* Required work:
An exact copy of every entry is needed, without any of the pictures.

* Data to use:
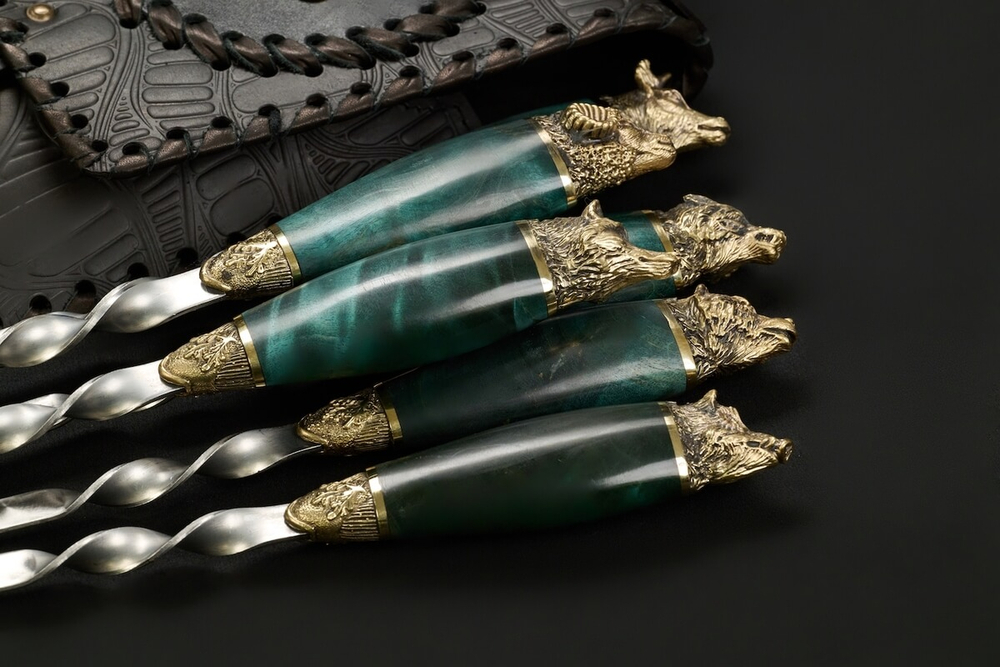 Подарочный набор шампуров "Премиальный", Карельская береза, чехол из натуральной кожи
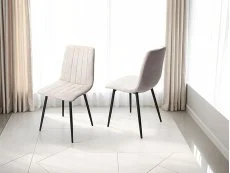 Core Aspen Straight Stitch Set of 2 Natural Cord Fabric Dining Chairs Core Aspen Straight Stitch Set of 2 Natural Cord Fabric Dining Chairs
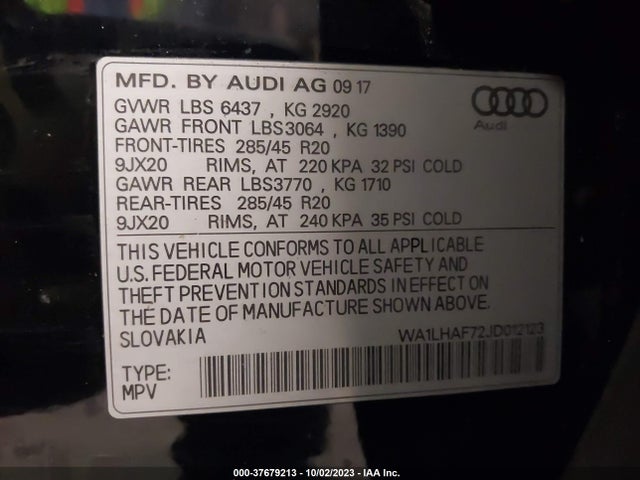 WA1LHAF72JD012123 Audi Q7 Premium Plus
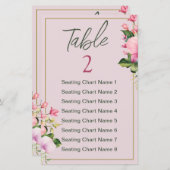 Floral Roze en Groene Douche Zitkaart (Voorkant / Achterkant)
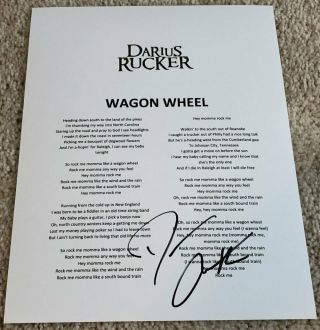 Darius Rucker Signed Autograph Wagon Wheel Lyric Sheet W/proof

* Written response:
 Подарочный набор шампуров "Премиальный", Карельская береза, чехол из натуральной кожи
 Core Aspen Straight Stitch Set of 2 Natural Cord Fabric Dining Chairs Core Aspen Straight Stitch Set of 2 Natural Cord Fabric Dining Chairs
 WA1LHAF72JD012123 Audi Q7 Premium Plus
 Floral Roze en Groene Douche Zitkaart (Voorkant / Achterkant)
 Darius Rucker Signed Autograph Wagon Wheel Lyric Sheet W/proof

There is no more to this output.